#### Work item
Return each record verbatim, images excluded.

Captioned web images
§
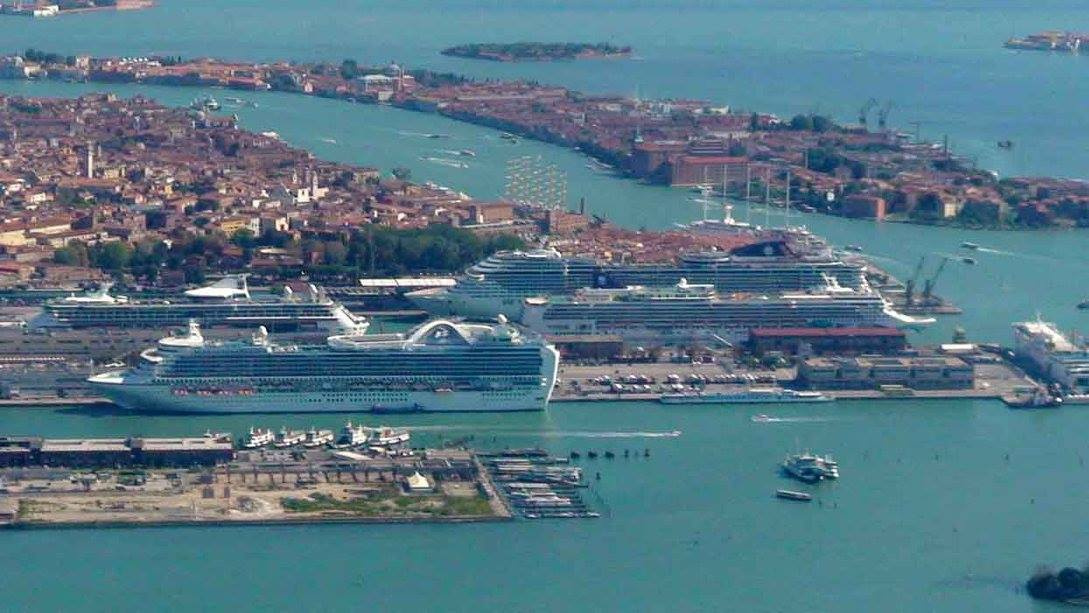 Круизный порт в Венеции 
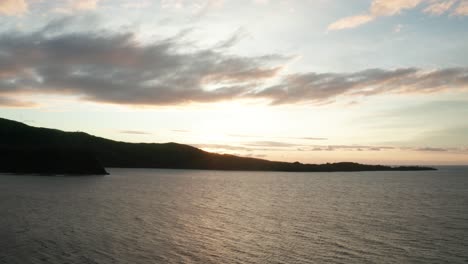 Goldener-Sonnenaufgang,-Beobachtet-Zusammen-Mit-Dem-Ruhigen-Wasser-Und-Der-Silhouette-Der-Naviti-Insel,-Weitwinkelaufnahme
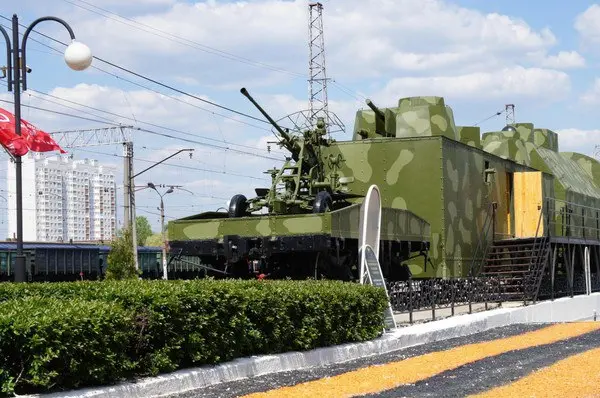 Экскурсия по экспозиции Бронепоезд №13 Тульский рабочий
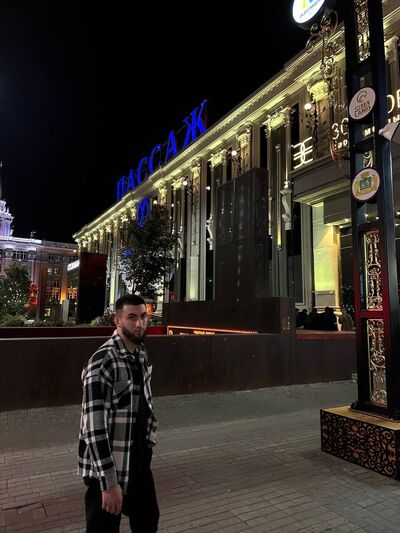  ,   Abubakir, 25 ,   ,   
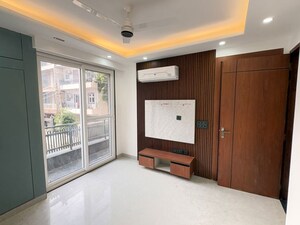 Room in 3 BHK Builder Floor at Sector 46 – for Sale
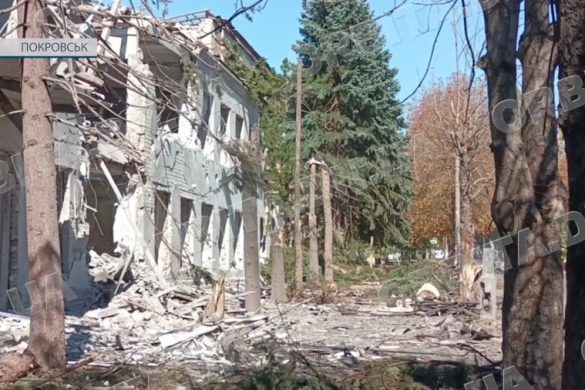 Покровськ ще бореться за життя, але всі жахи війни йому краще пройти без мешканців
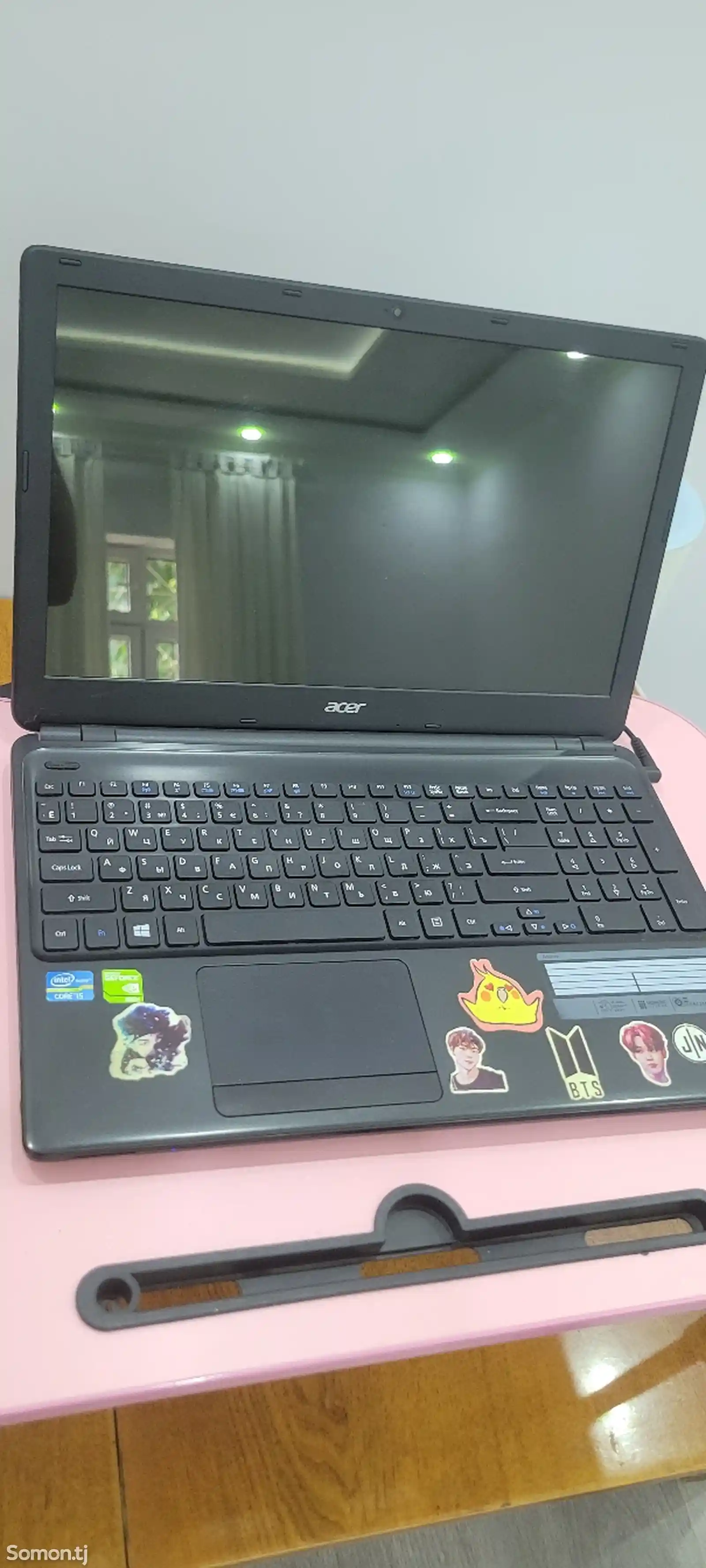 Ноутбук Acer-1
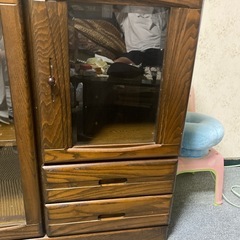 差し上げます！飾り棚　キャビネット　美品の画像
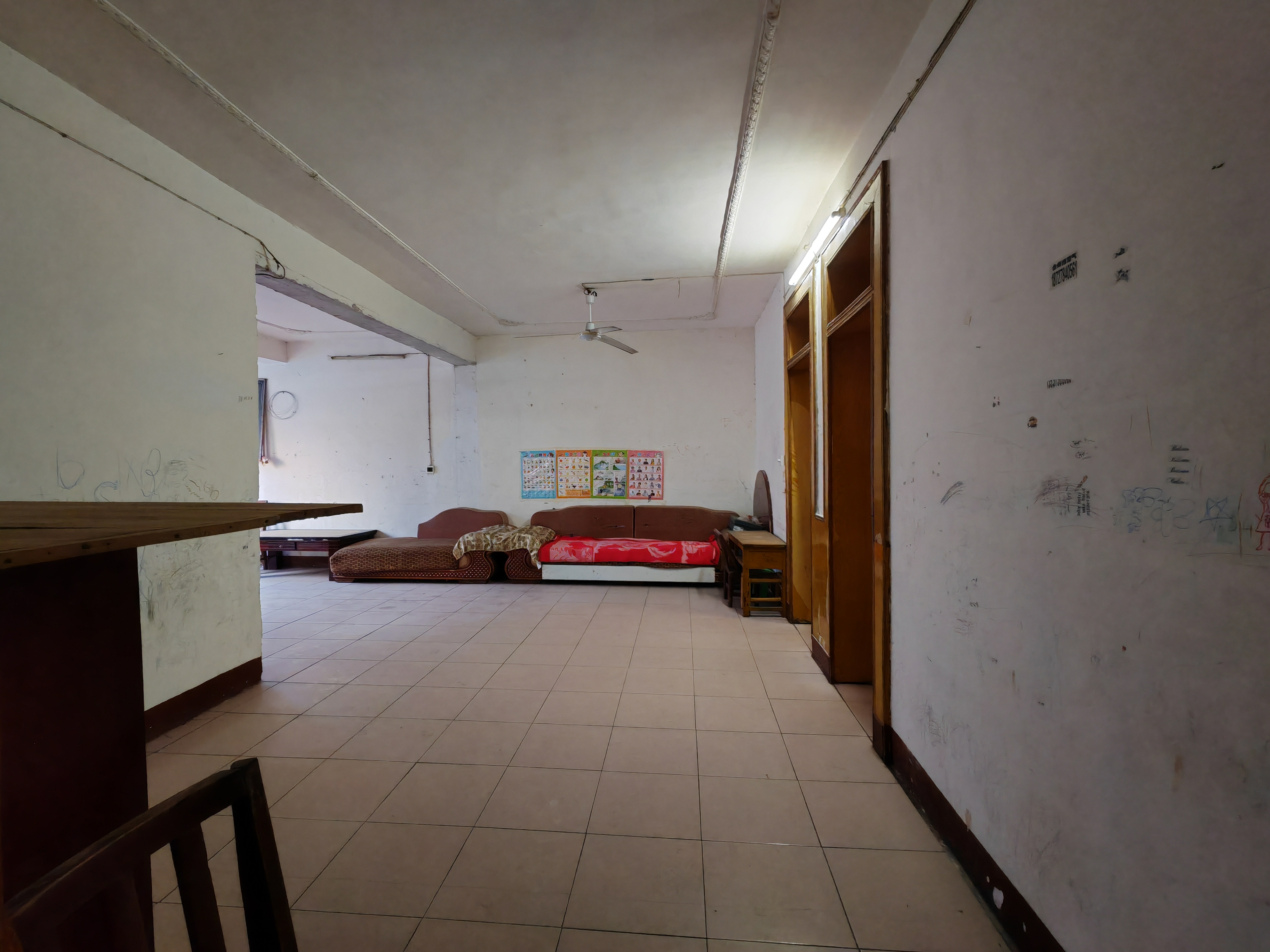 一中一小书包房，3楼，大三房，19.8万，有钥匙看房，看房电话18307150819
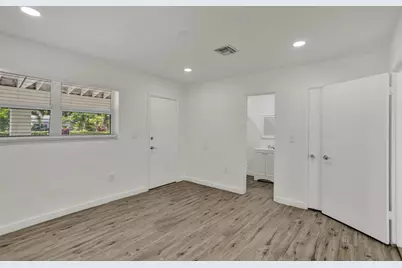 30 NE 139th Street, North Miami, FL 33161 - Photo 25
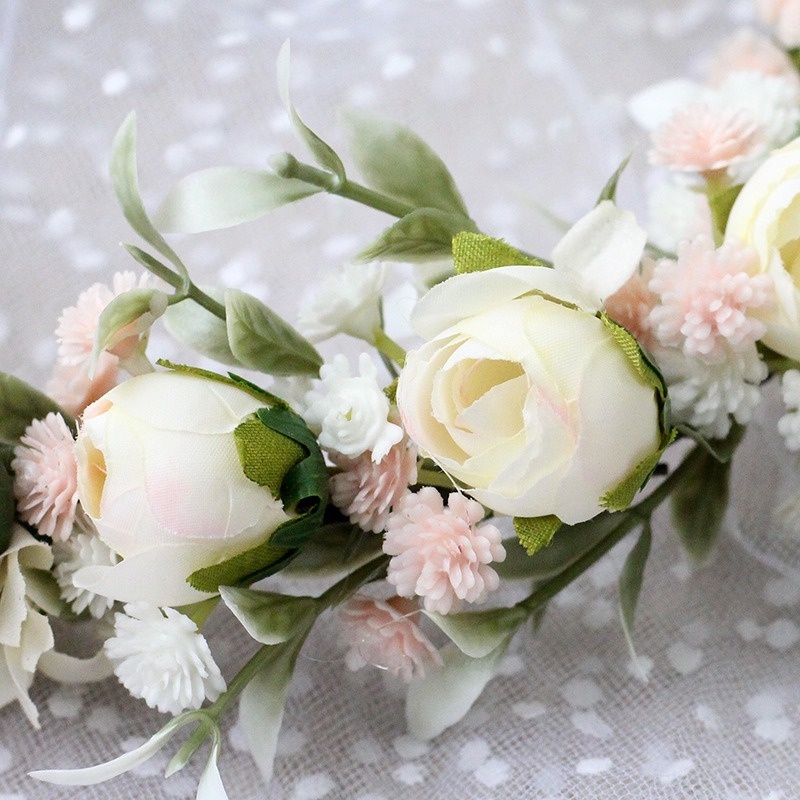 Vòng Hoa Hồng Nhân Tạo Cài Tóc Cho Cô Dâu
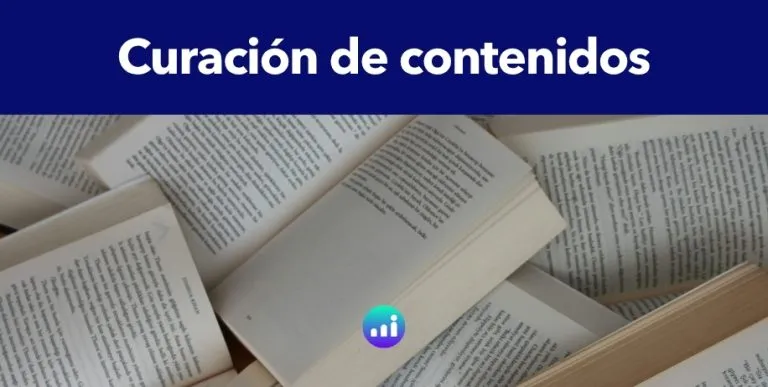 Ilustración de un embudo digital y lupas, representando la curación de contenidos y su importancia para el marketing online.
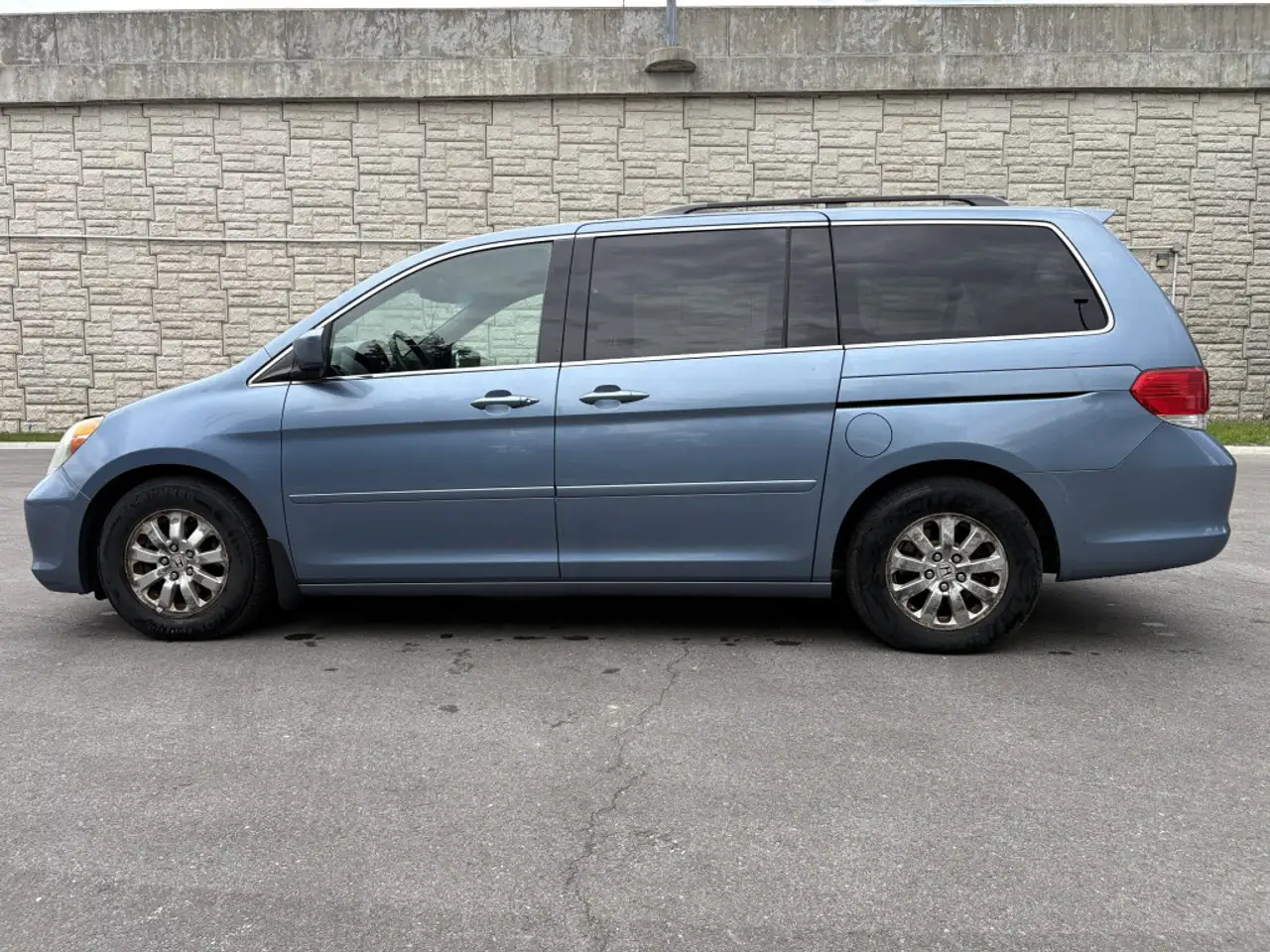 Honda Odyssey photo Honda Odyssey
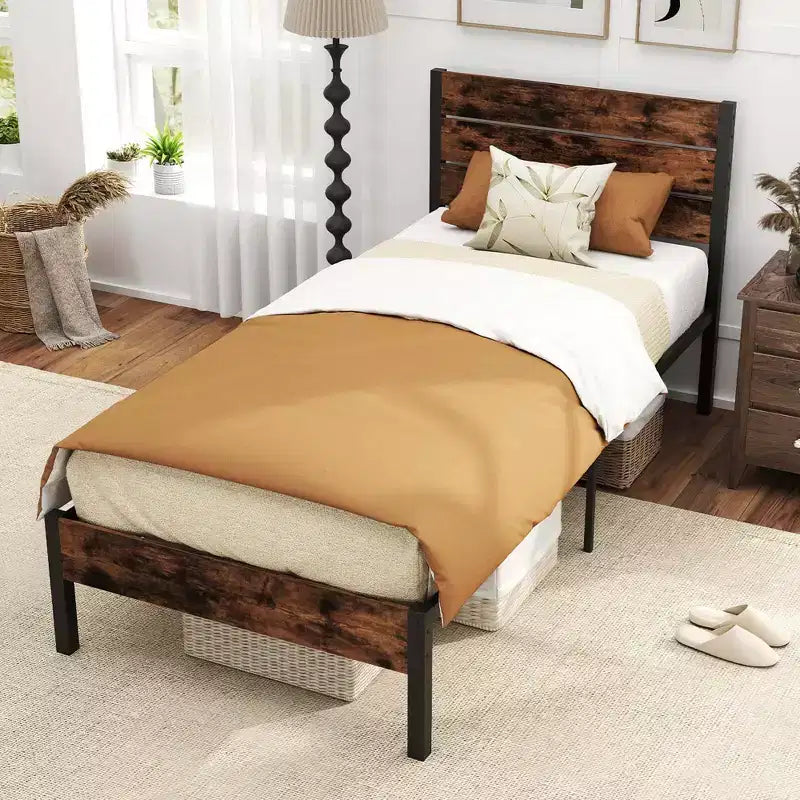Struttura letto matrimoniale/queen/king size con testiera alta in stile industriale, supporti a doghe in metallo resistente marrone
§
#### Answer section
 Круизный порт в Венеции 
 Goldener-Sonnenaufgang,-Beobachtet-Zusammen-Mit-Dem-Ruhigen-Wasser-Und-Der-Silhouette-Der-Naviti-Insel,-Weitwinkelaufnahme
 Экскурсия по экспозиции Бронепоезд №13 Тульский рабочий
  ,   Abubakir, 25 ,   ,   
 Room in 3 BHK Builder Floor at Sector 46 – for Sale
 Покровськ ще бореться за життя, але всі жахи війни йому краще пройти без мешканців
 Ноутбук Acer-1
 差し上げます！飾り棚　キャビネット　美品の画像
 一中一小书包房，3楼，大三房，19.8万，有钥匙看房，看房电话18307150819
 30 NE 139th Street, North Miami, FL 33161 - Photo 25
 Vòng Hoa Hồng Nhân Tạo Cài Tóc Cho Cô Dâu
 Ilustración de un embudo digital y lupas, representando la curación de contenidos y su importancia para el marketing online.
 Honda Odyssey photo Honda Odyssey
Struttura letto matrimoniale/queen/king size con testiera alta in stile industriale, supporti a doghe in metallo resistente marrone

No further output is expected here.